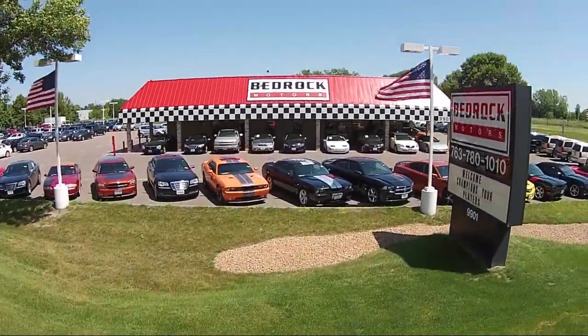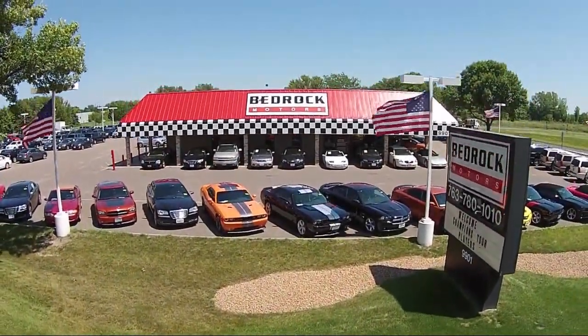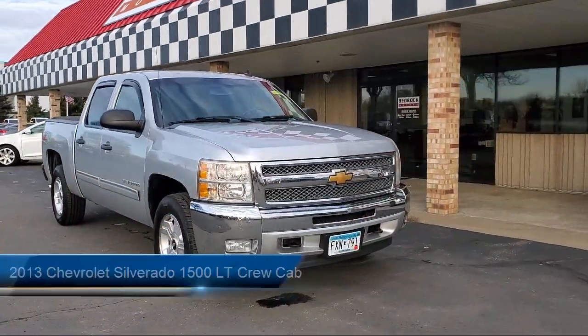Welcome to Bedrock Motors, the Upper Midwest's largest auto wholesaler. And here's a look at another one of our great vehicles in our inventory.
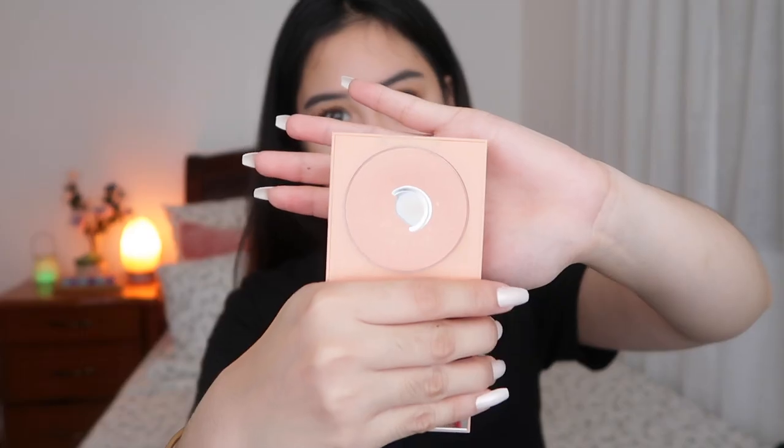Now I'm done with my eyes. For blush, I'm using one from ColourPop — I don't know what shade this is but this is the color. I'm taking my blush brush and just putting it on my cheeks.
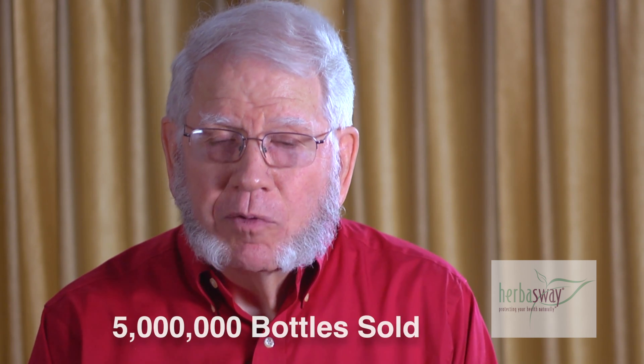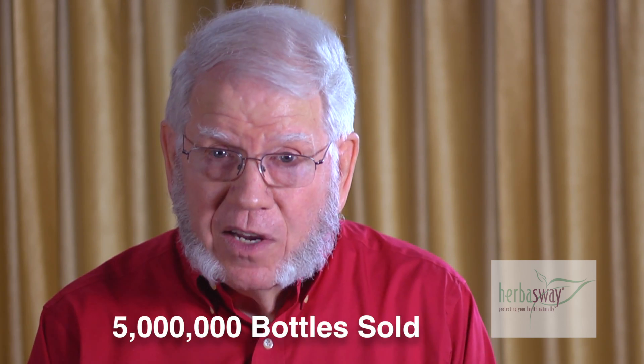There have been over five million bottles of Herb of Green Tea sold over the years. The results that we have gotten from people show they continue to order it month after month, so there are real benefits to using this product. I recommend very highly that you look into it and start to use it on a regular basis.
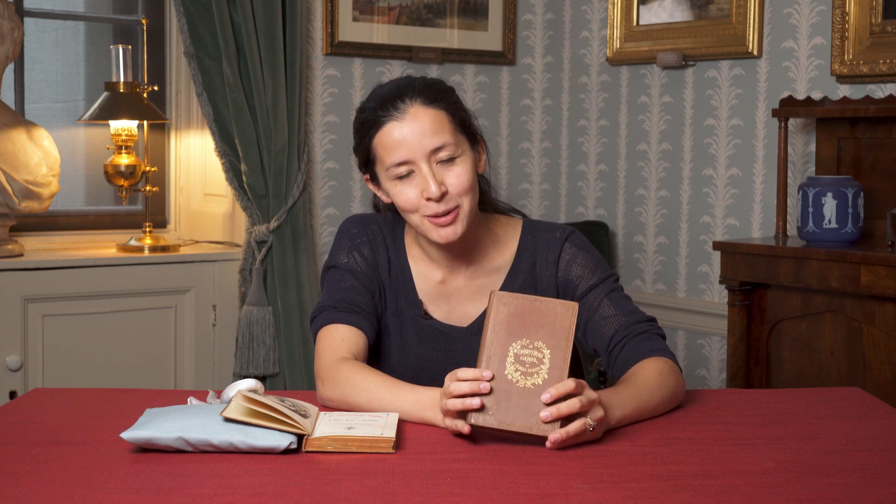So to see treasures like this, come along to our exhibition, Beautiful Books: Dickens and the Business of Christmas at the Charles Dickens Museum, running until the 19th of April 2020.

# # # # # # #

▶ To do: Repeat the data verbatim through the "Now I'm done" line, no pictures.

▶ Output of the exercise:
Welcome to Bedrock Motors, the Upper Midwest's largest auto wholesaler. And here's a look at another one of our great vehicles in our inventory.
Now I'm done with my eyes. For blush, I'm using one from ColourPop — I don't know what shade this is but this is the color. I'm taking my blush brush and just putting it on my cheeks.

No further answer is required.